Company works to develop new 'autocycle' category of vehicle
Elio Motors, makers of a three-wheeled vehicle set to be launched in the near future, is hoping to avoid the challenges faced by Polaris recently by encouraging lawmakers to come up with a new "autocycle" category of vehicle.
Currently, any vehicle with three wheels is usually classified by the Federal Government as a motorcycle. But it turns out that individual states may be a little more specific in their definitions, creating problems for the makers of some three-wheeled machines.
As BikerNewsOnline reported, this was the case in Texas recently when Polaris learned its new Slingshot vehicle will not be allowed for road use because it doesn't have a saddle. The state said the Slingshot's car-like seating meant it should be subject to the more rigorous safety standards applied to cars.
Meanwhile, in some other states the vehicle's motorcycle designation will mean its riders (drivers?) will be required to wear helmets and have motorcycle endorsements on their licenses.

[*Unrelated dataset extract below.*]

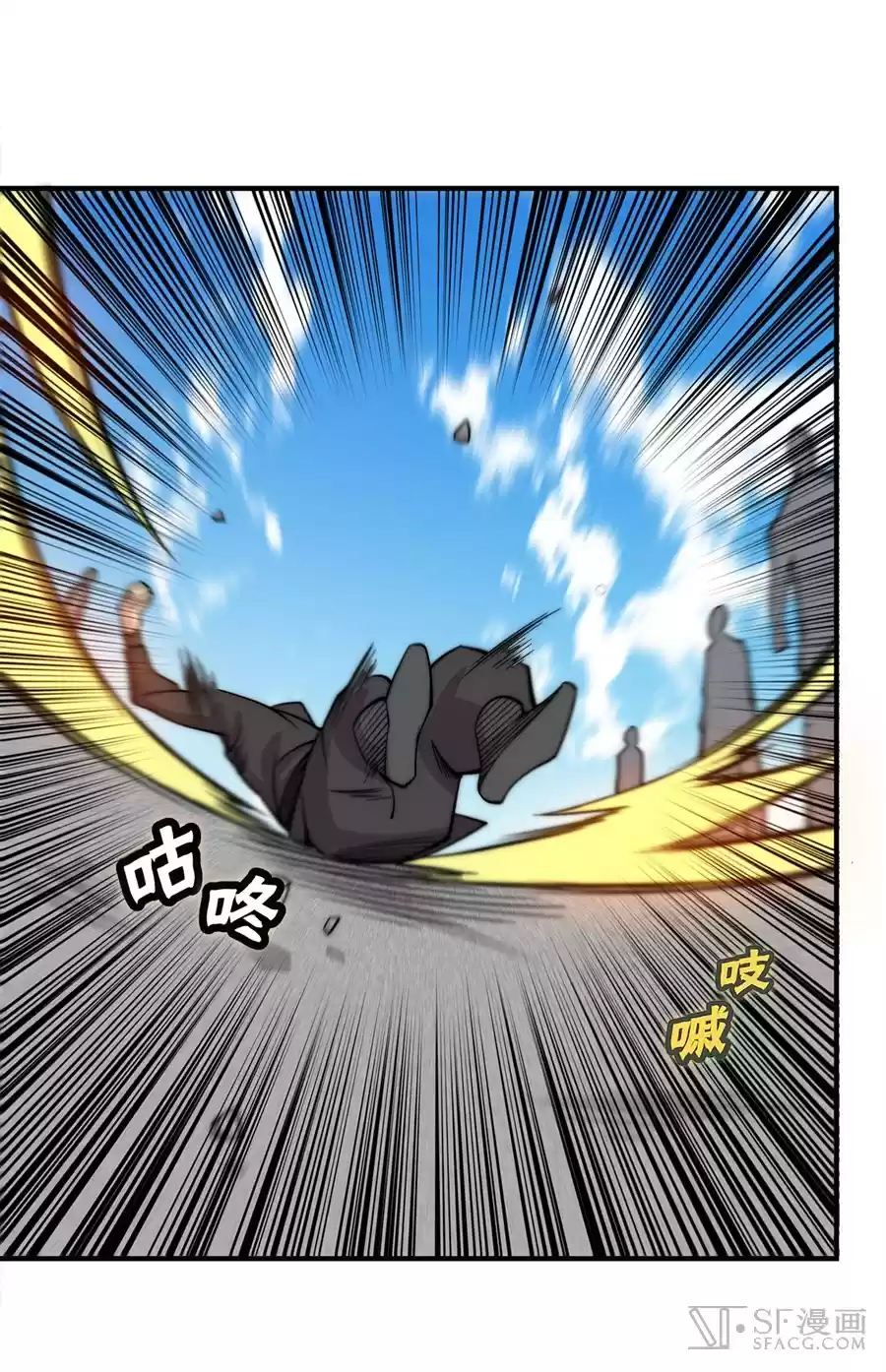 Martial King's Retired Life Ch. 67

Arizona-based Elio Motors is planning to release a vehicle that is in many ways visually similar to the Slingshot. Its low-cost, economical vehicle has two wheels at the front, car-like seating and is even enclosed like a car. To avoid the hurdles faced by Polaris, however, the company is urging lawmakers to develop a new classification of vehicle.
"There are many great reasons to place this legislation in statute," said New Mexico Rep. Carl Trujillo. "For one, this innovative, high-MPG vehicle will greatly help the citizens in my district as well as all of New Mexico by significantly lowering their transportation costs."
Trujillo has drafted and proposed legislation that would add the term "autocycle" to his state's driving code, as well as remove helmet requirements for users of such vehicles.
"Roadblocks in statute that are stifling innovation need to be removed," he said. "Helmet requirements in fully enclosed vehicles with airbag protection do not make sense and are actually dangerous to the occupants.”
Elio Motors Vice President of Governmental Affairs Joel Sheltrown recently testified before the New Mexico Science and Technology Interim Committee and explained the need for the legislation. New Mexico is one of 10 states that have helmet requirements for people under 18. Elio Motors is working to adopt legislation in each of these states.
Paul Elio, CEO of Elio Motors, added, “We are excited and very grateful for Rep. Trujillo’s leadership. His quick action to recognize autocycles and removing barriers to their use will provide regulations consistent with neighboring states and the nation.”
Elio says its three-wheeled autocycle will attain a highway mileage rating of up to 84 mpg and cost less than $7,000. Elio’s first manufacturing site will be in Shreveport, La., with plans for the first production vehicle to roll off the assembly line in 2015.